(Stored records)
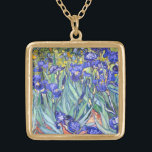 Vincent Van Gogh Irises Floral Vintage Fine Art Gold Plated Necklace<br><div class="desc">Vincent Van Gogh Blue Irises Floral Fine Art Irises is one of many paintings of irises by the Dutch Post-Impressionist artist Vincent van Gogh. Like many artists of his time Van Gogh was influenced by Japanese ukiyo-e woodblock prints. The strong outlines, unusual angles, including close-up views, is a typical element...</div>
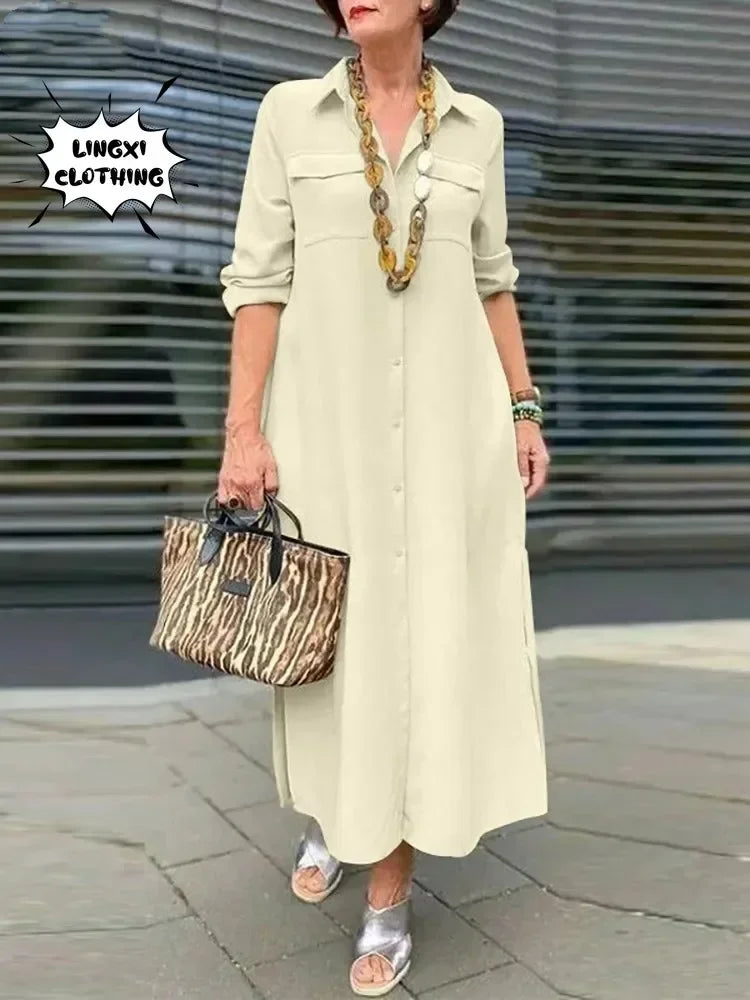 2024 Summer Fashion New Elegant Women's Loose Robe Style Flip Collar Single Breasted Solid Color Commuter Style Casual Dress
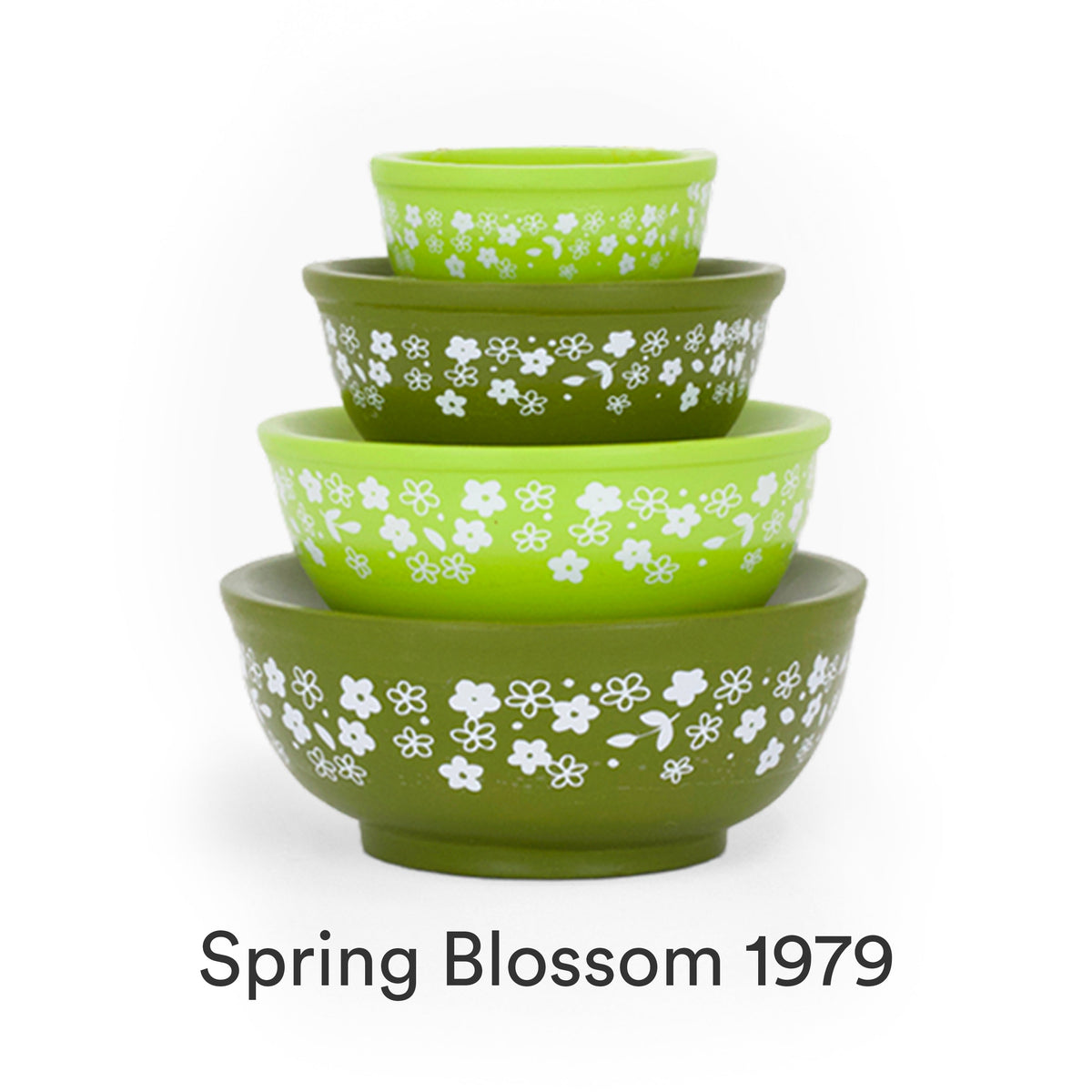 Mini stackable mixing bowl set with white flower pattern on light green and green bowls.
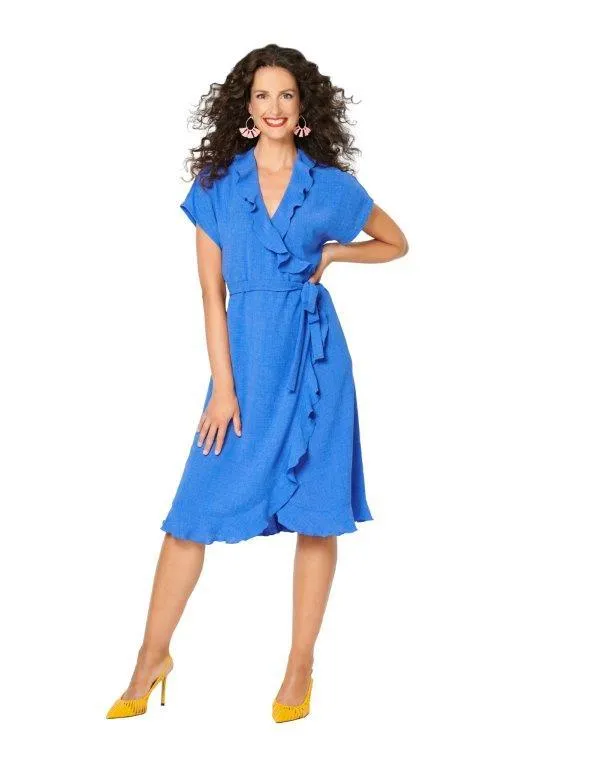 Burda Pattern 6207  Wrap Dress with Tie Bands – 
Hem and Neckline Flounces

WORK ORDER: Make an exact copy of the records shown above, without the pictures.

EXERCISE SOLUTION:
 Vincent Van Gogh Irises Floral Vintage Fine Art Gold Plated Necklace<br><div class="desc">Vincent Van Gogh Blue Irises Floral Fine Art Irises is one of many paintings of irises by the Dutch Post-Impressionist artist Vincent van Gogh. Like many artists of his time Van Gogh was influenced by Japanese ukiyo-e woodblock prints. The strong outlines, unusual angles, including close-up views, is a typical element...</div>
 2024 Summer Fashion New Elegant Women's Loose Robe Style Flip Collar Single Breasted Solid Color Commuter Style Casual Dress
 Mini stackable mixing bowl set with white flower pattern on light green and green bowls.
 Burda Pattern 6207  Wrap Dress with Tie Bands – 
Hem and Neckline Flounces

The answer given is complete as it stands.